Lecture 1: Data Visualization

Today’s Visualization

Today’s lecture slides

Lighthouses

Full animated world map at https://geodienst.github.io/lighthousemap/

  • Color true to real lighthouse
  • Timing of blinks true to real lighthouse
  • Size of dot corresponds to visibility range
  • Data drawn from OpenStreetMap – completion and correction through crowdsourcing

Related, and also excellent: https://twitter.com/i/status/1462095711508516865

Syllabus and Structure of the Course

After this course, you will…

  • Be able to describe the key design guidelines and techniques used for the visual display of information.
  • Understand how to best use the capabilities of visual perception in a graphic display.
  • Understand the principles of interactive visualizations.
  • Understand how Machine Learning techniques can determine data structure and pattern.
  • Explore and critically evaluate a wide range of visualization techniques and applications.

We will primarily work with:

  • Tamara Munzner: Visualization Analysis & Design (ISBN 978-1466-50891-0)
  • Leland Wilkinson: The Grammar of Graphics, 2nd ed (ISBN 978-0387-24544-7) Wilkinson can be acquired free through the library’s ebook access to SpringerLink. That way you can also get a cheap print-on-demand copy.

Syllabus and Structure of the Course

We meet in-person (or over Zoom if we are mandated back online) Wednesdays 14.00 - 16.00.

In addition, all course information can be found on Blackboard.

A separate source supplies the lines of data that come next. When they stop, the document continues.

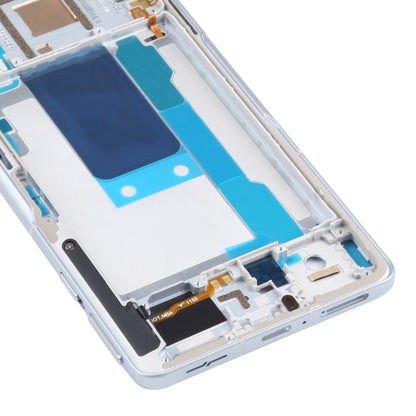 Plaque de lunette de cadre central pour Xiaomi Redmi K40 Gaming / Poco F3 GT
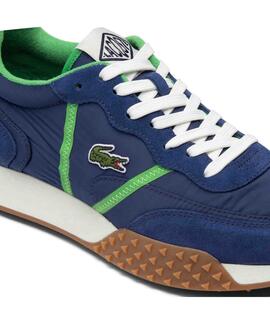 ZAPATILLAS LACOSTE L-SPIN DELUXE AZUL Y VERDE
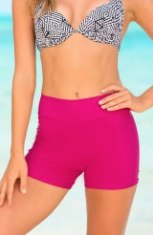 Raspberry Tummy Tuk Short - MISH Fashion and Swim 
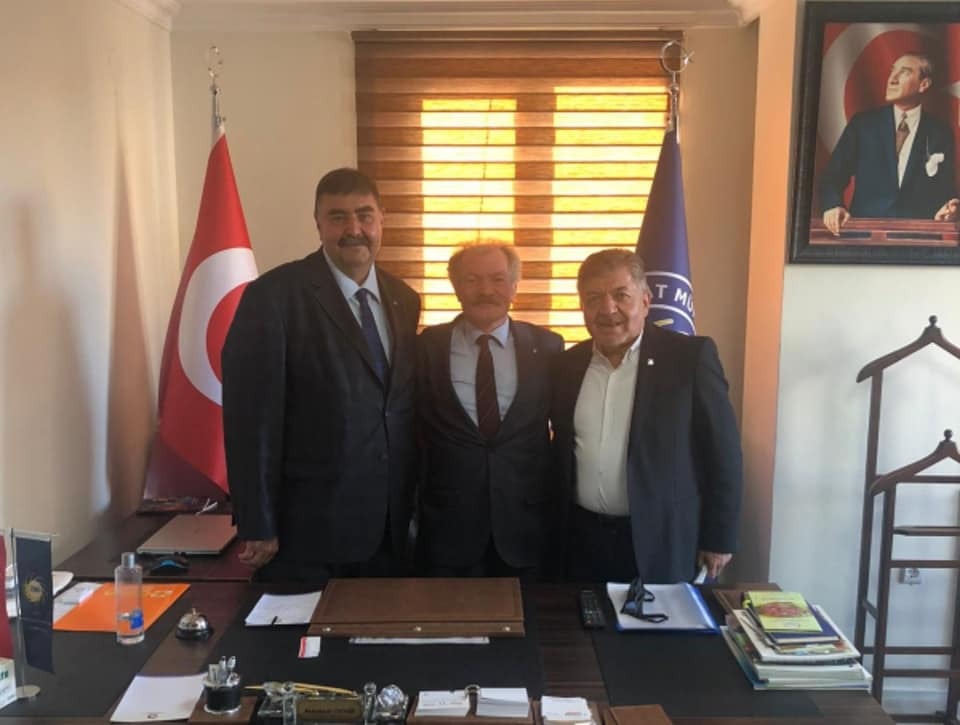 GAZİANTEP ŞUBEMİZİ ZİYARET ETTİK
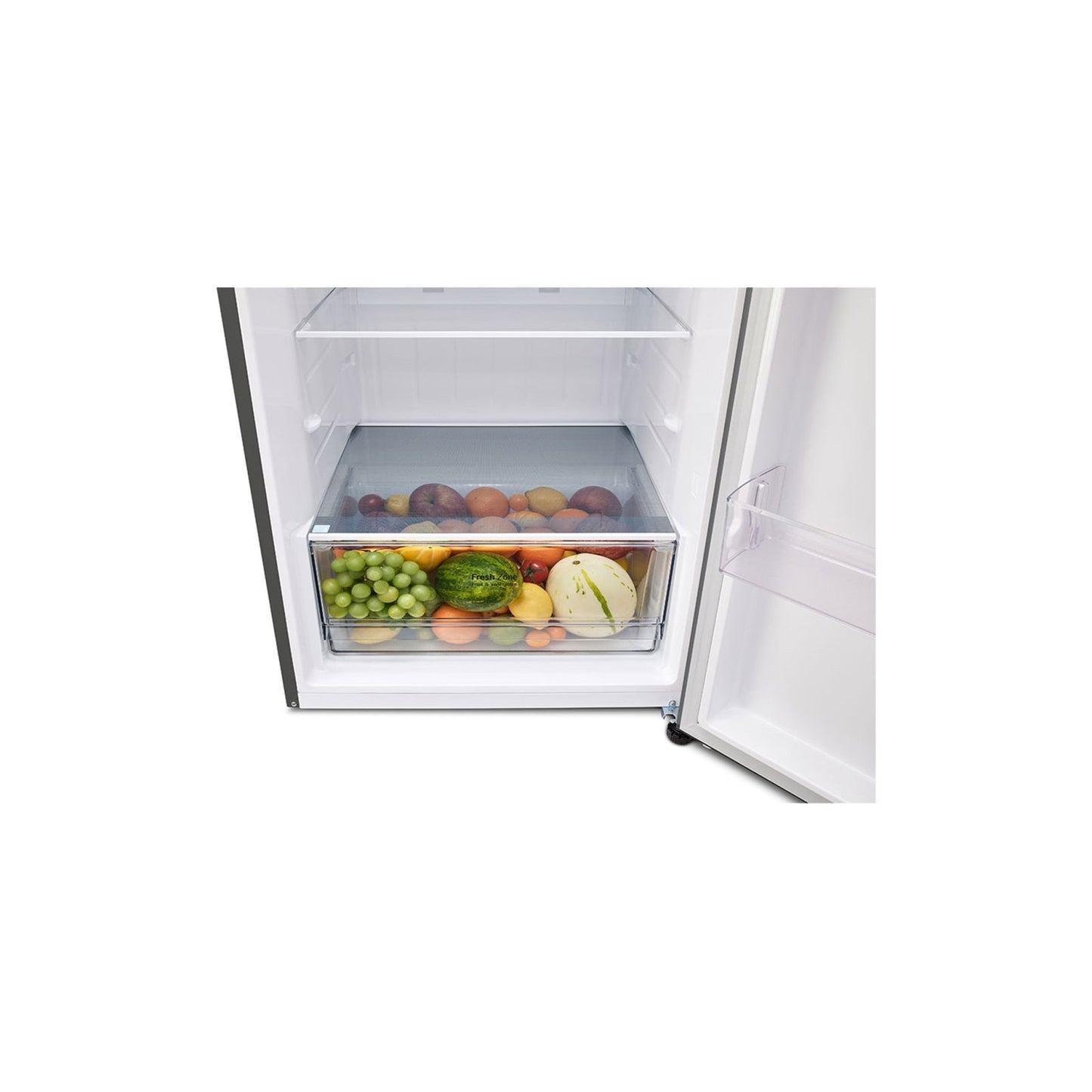 LG Top Freezer Refrigerator, Smart Inverter Compressor, 461L, Silver, GR-B652PFFQ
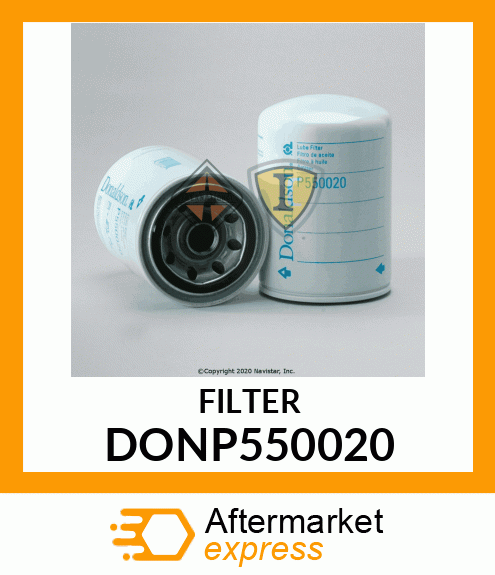 FILTER DONP550020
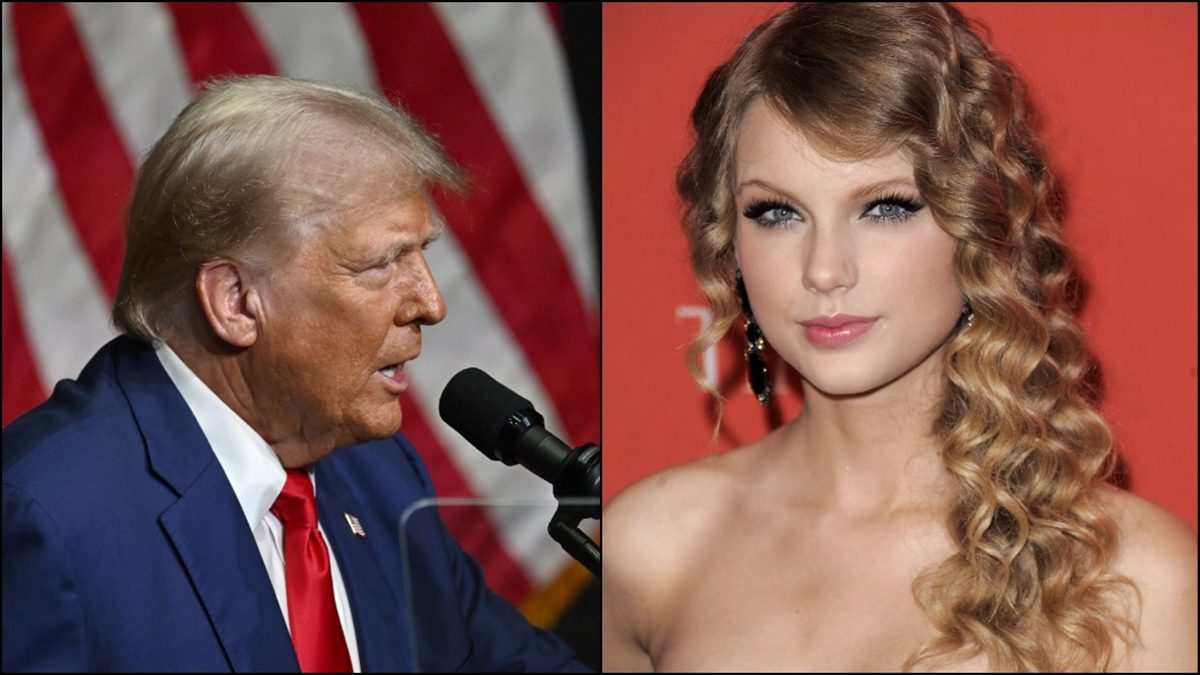 ABD'nin eski Başkanı ve Cumhuriyetçilerin başkan adayı Donald Trump, yapay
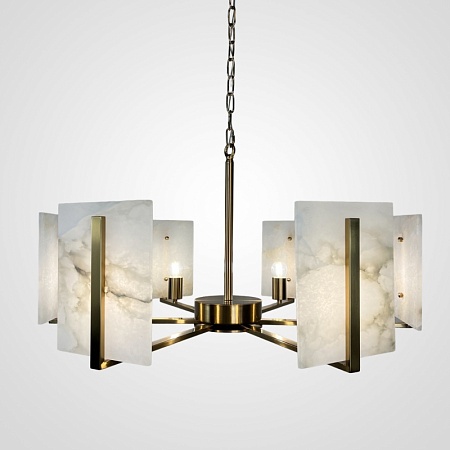 Люстра Marble Square Chandelier Imperiumloft 75586-22 - фото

I can be reached on mvejdemojohansson@gc.cuny.edu, and will happily schedule meetings if you need them.

Between meetings, you will read assigned chapters from the textbook, and work on smaller assignments and semester projects.

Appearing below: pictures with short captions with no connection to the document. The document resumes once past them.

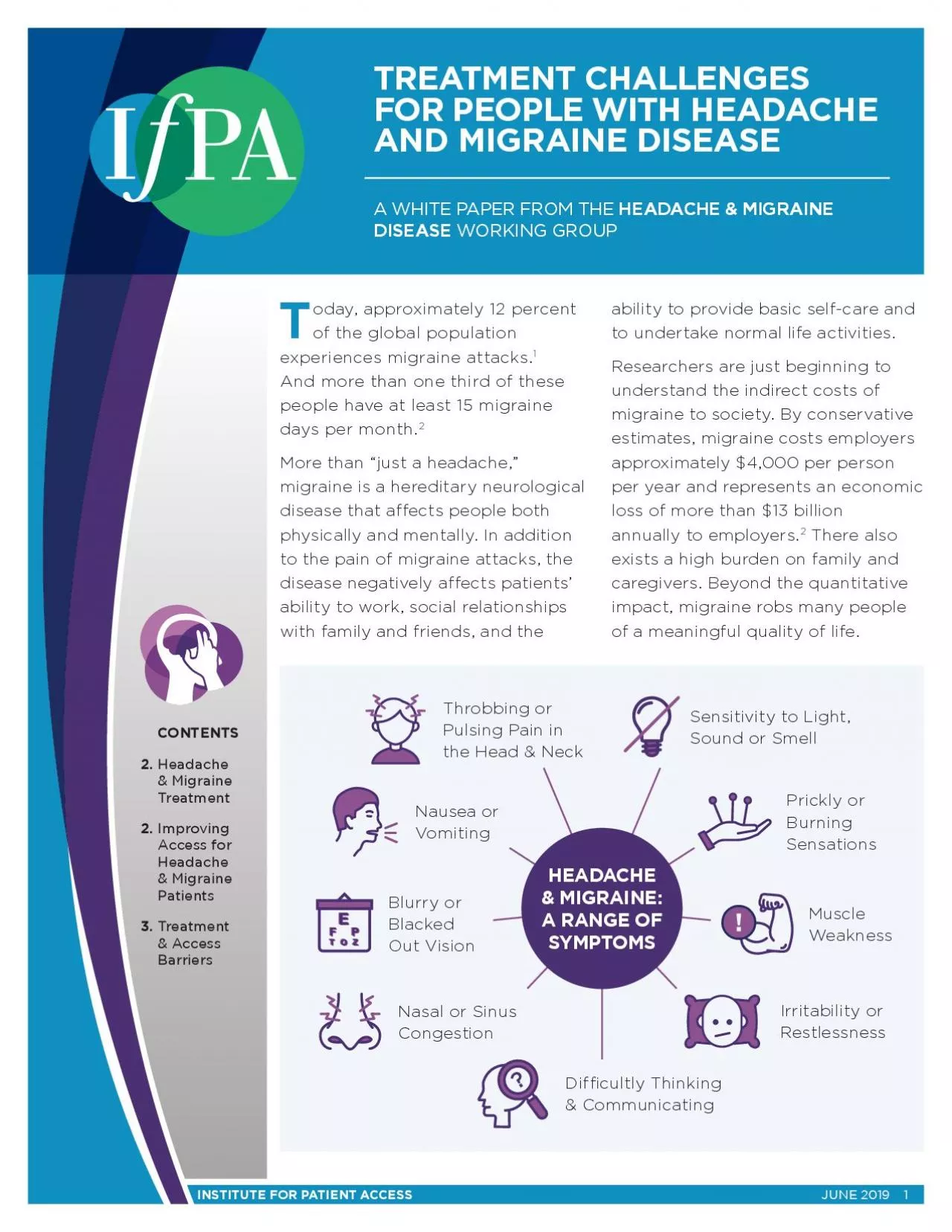 PDF-TREATMENT CHALLENGES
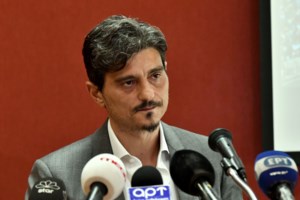 Ολυμπιακός: Ανανέωσε για ακόμη μία χρονιά ο Γιώργος Πρίντεζης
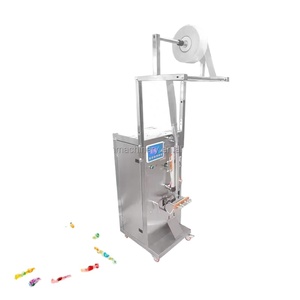 Máquina Automática de Enchimento e Selagem de Picolés Líquidos em Aço Inoxidável de Alta Velocidade - Product Image 1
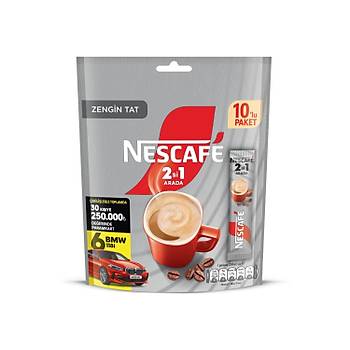 Nescafe 31 Arada ve 2si1 Arada 10 lu Poet 5 li Karma Paket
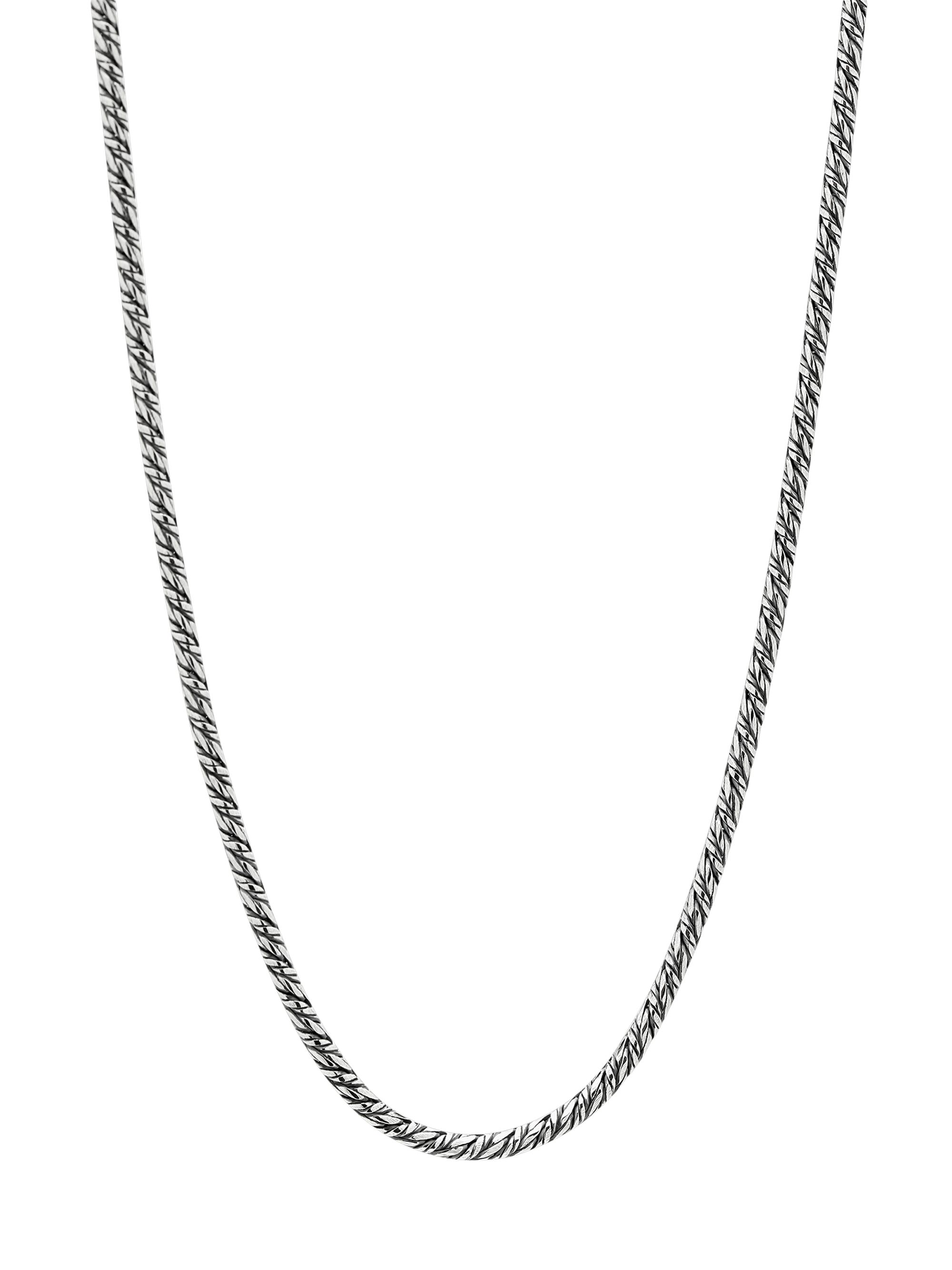 Konstantino Women's Sterling Silver Chain Necklace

Syllabus and Structure of the Course

Semester-long assignments

  • Data Visualization Project – you take some dataset and develop a data visualization of that dataset with communicative intent.
  • Blog Post – you take a recent paper from the IEEE Vis conference, and summarize it for a popular audience.

Weekly assignments

  • Read assigned textbook chapters
  • Find a recent published data visualization that embodies some concept in the assigned readings. Prepare to present that graphic to the class, and to demonstrate to the class what it does particularly well, and what could be improved.

Occasional assignments

  • Recreate a published visualization using some data visualization tool.

Syllabus and Structure of the Course

Semester Schedule (may be changed as we go)

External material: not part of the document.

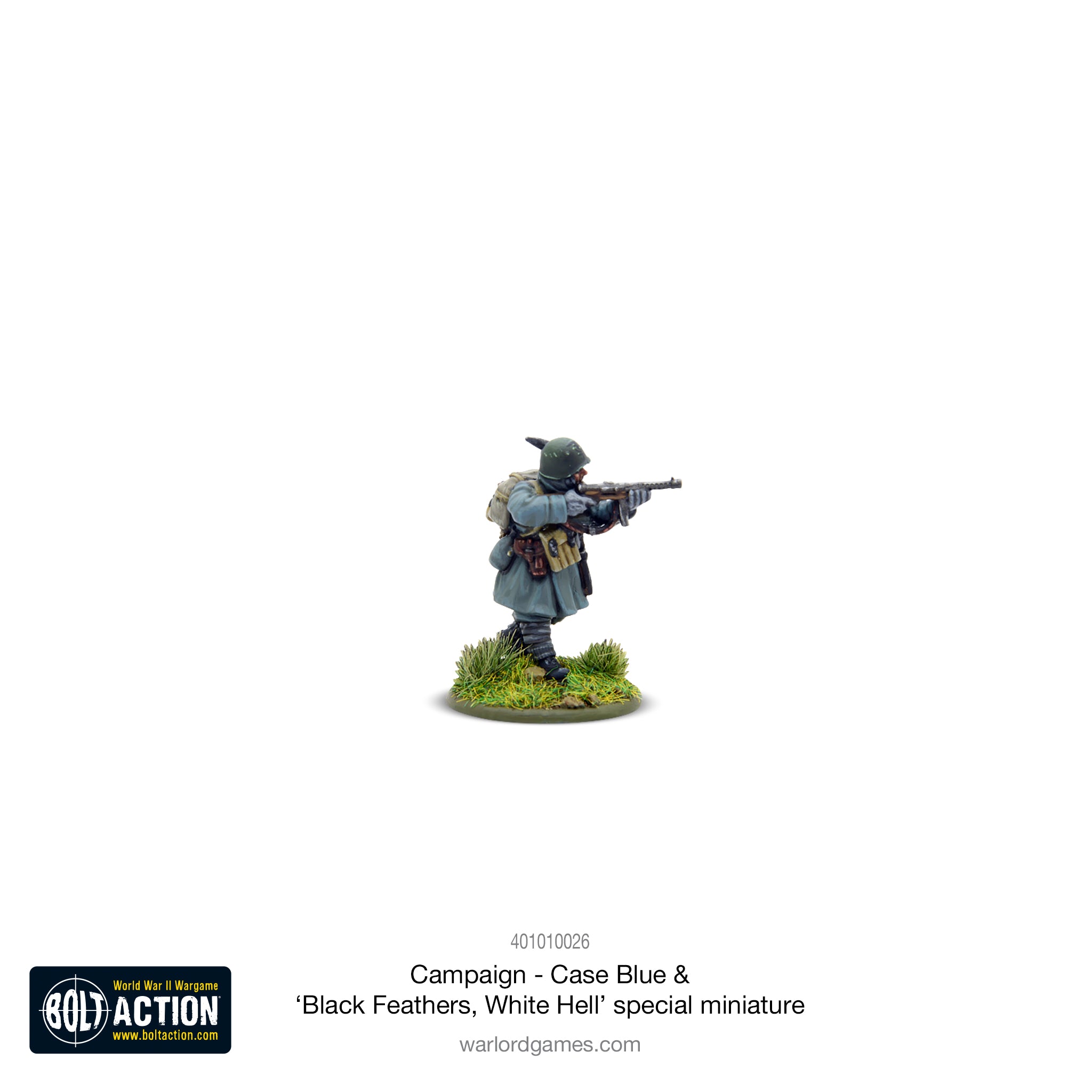 Campaign: Case Blue supplement and Black Feathers, White Hell special figure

Date Lecture Content Preparation
2023-01-25 Defining Data Visualization Munzner ch. 1, Wilkinson ch. 1-2
2022-02-01 Data Abstraction and Representation Munzner ch. 2, Wilkinson ch. 3-4. Homework: improve the graph from the lecture slides.
2022-02-08 Task Abstraction Munzner ch. 3, Wilkinson ch. 5
2022-02-15 Analysis and Validation Munzner ch. 4, Wilkinson ch. 6-7. Watch: https://www.youtube.com/watch?v=Z8t4k0Q8e8Y
2022-02-22 Geometric Representation Munzner ch. 5, Wilkinson ch. 8-9. Homework: Reproduce Minard’s March on Moscow
2022-03-01 Aesthetic Mappings; Rules of Thumb Munzner ch. 6, Wilkinson ch. 10
2022-03-8 Tabular Data, Network Data Munzner ch. 7, 9, Wilkinson ch. 11-12
2022-03-15 Structure of a graphing library (Hannah Aizenman guest lecture)
2022-03-22 Spatial Data, Geography, Maps Munzner ch. 8, Wilkinson ch. 13
2022-03-29 Color Munzner ch. 10
2022-04-19 Interactivity Munzner ch. 11-12
2022-04-26 Summaries; Time, Time-series Munzner ch. 13-14, Wilkinson Ch. 14
2022-05-03 Spaces, Graph Layout, Manifold Learning / Dimension Reduction ISOMAP, MDS, UMAP
2022-05-10 Presentations

What this course will not do

  • …teach one specific data visualization platform.
    However, you should take this time to learn at least one platform well. I’m happy to help you in the process, but you pick a platform and work through tutorials to get going yourself.
  • …get you ready to submit a paper to a major data vis conference yourself.
    However, by the time you finish the course, you should know a direction to go if you have this ambition.
  • …deliver content to a passive student audience.
    Your participation is essential. Prepare for each lecture, collect questions and thoughts, and discuss eagerly in class.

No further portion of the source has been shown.